On Friday myself and Lurid travelled down to Dublin, as planned. The coach journey took about 5 hours, but it wasn't too bad. I went over my Spanish homework, then just dozed off for a while. We stayed over with an old mate from London who I haven't seen in ages. It was great to catch up. She finds herself in a similar position as me; same age, stuck in a crappy minimum-wage shop-job, trying to scrape a living and build a career at the same time. It was great just getting pissed together and griping about our respective stores-- I feel like much less of a loser now. And fuck, she's just such a cool and amazing person to hang out with anyhow.

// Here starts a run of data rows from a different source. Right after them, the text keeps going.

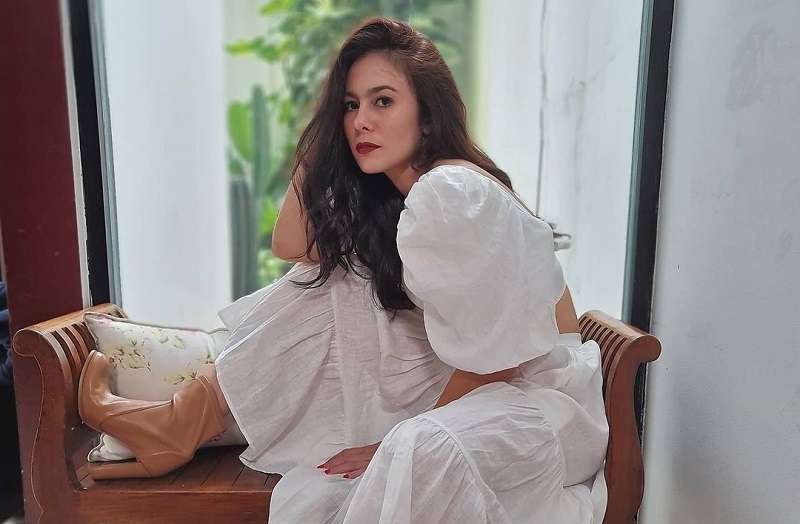 Empat Gaya Wulan Guritno yang Kece dan Awet Muda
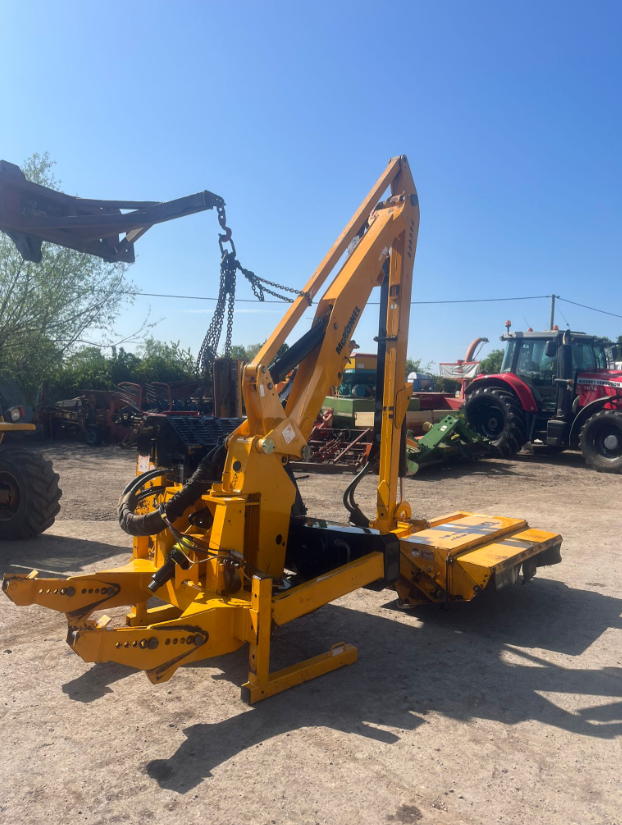 MCCONNEL PA6400 HEDGECUTTER WITH JOHN DEERE MOUNTING BRACKETS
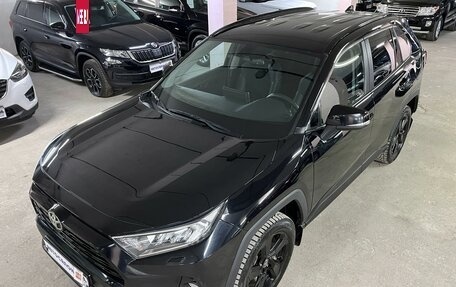 Toyota RAV4, 2021 год, 3 350 000 рублей, 10 фотография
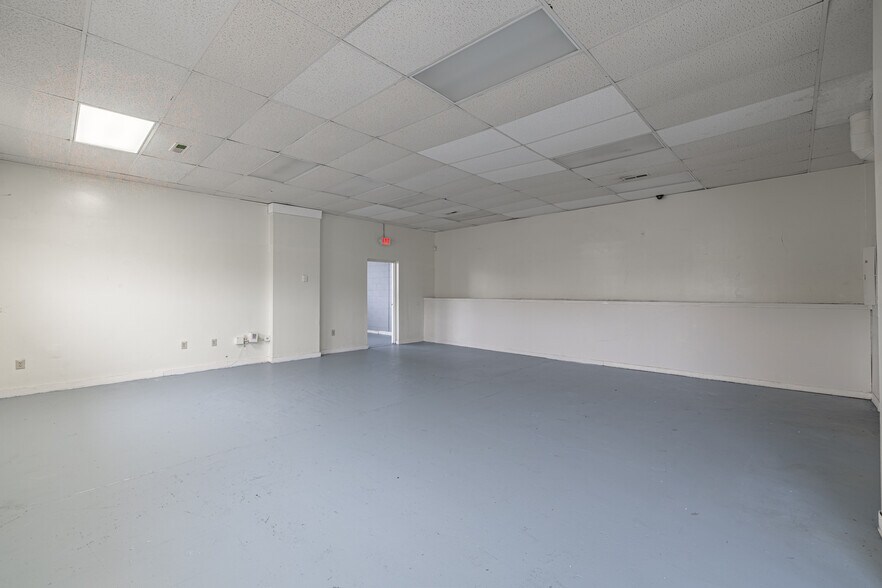 More Photos Of 2311 Hungary Rd, Richmond Freestanding For Sale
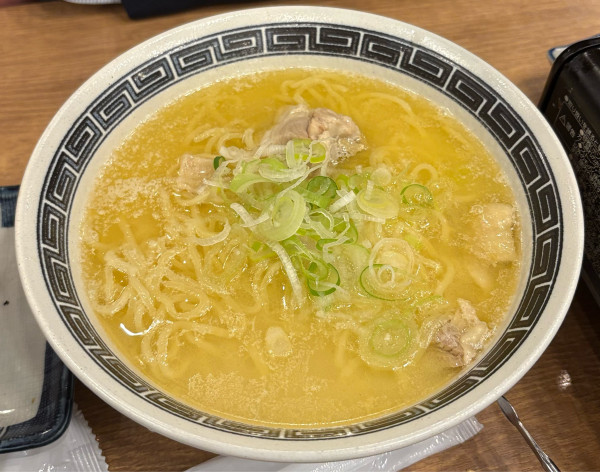 「鳥良の鶏らー麺」@磯丸水産 桜木町駅前店の写真
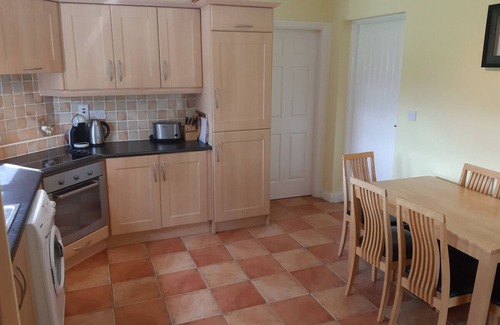 Kinnitty Cottage | Primrose Cottage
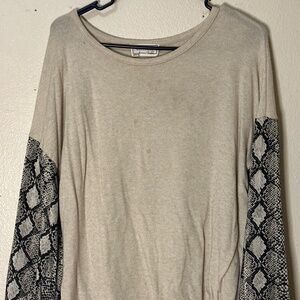 Lavish Tan Top w Snake Print Sleeves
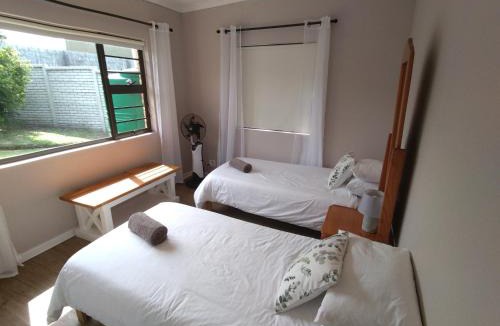 Amatola Coastal Apartment | 2 Bedroom Guest Suite at A-frame Glengariff Beach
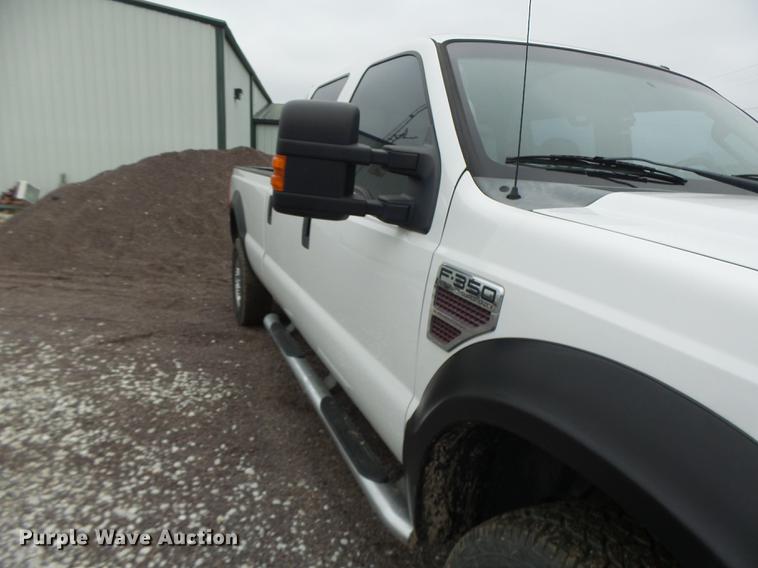image for item DB9993 2008 Ford F350 Super Duty Crew Cab pickup truck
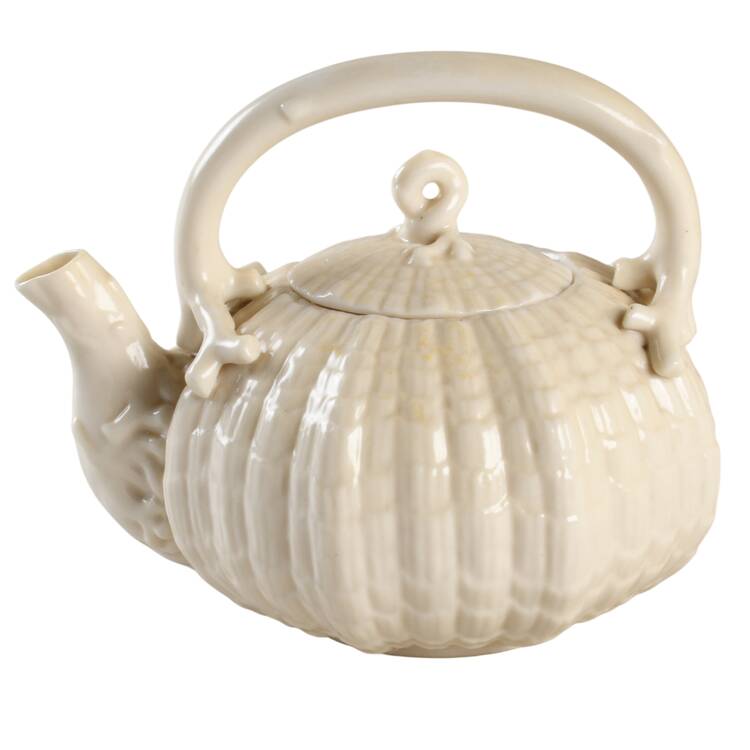 Tridacna White Mini Teapot & Lid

On Saturday there was the anti-war demo. I was expecting to be part of a gathering of a couple of thousand people; the actual turnout was more like 50 or 60,000. At first it was a bit crappy, because there were all these passionate, determined people, many of whom obviously dedicated their lives to this kind of thing, and I was all why-bothery and apathetic. I felt like a walking corpse surrounded by the living.

"No to Oil War!"
"Bush go home!"
"Give peace a chance!"
"One, two, three, four-- we don't want your fucking war!"
"Braaaaiiiiiinnnnnnnnssssss... waaaaannnt braaaaiiiiiiinnnnnssss!"

As time wore on though, the scale of the protest became clear. All sorts of people, many of them obvious march virgins, had turned out. The centre of Dublin was at a virtual standstill. Myself and L.A. shuffled along for a few hours, eventually calling it a day and going to check out some news sites in an internet caff. My apathy took a much-deserved kicking as I read the about the sheer number of people who'd turned out against the war. I grabbed a few tracts, even got some bumf about forthcoming demonstrations; I'm keen to take part in a demo at Shannon airport in a couple of weeks, but I want to find out more about the organizers first.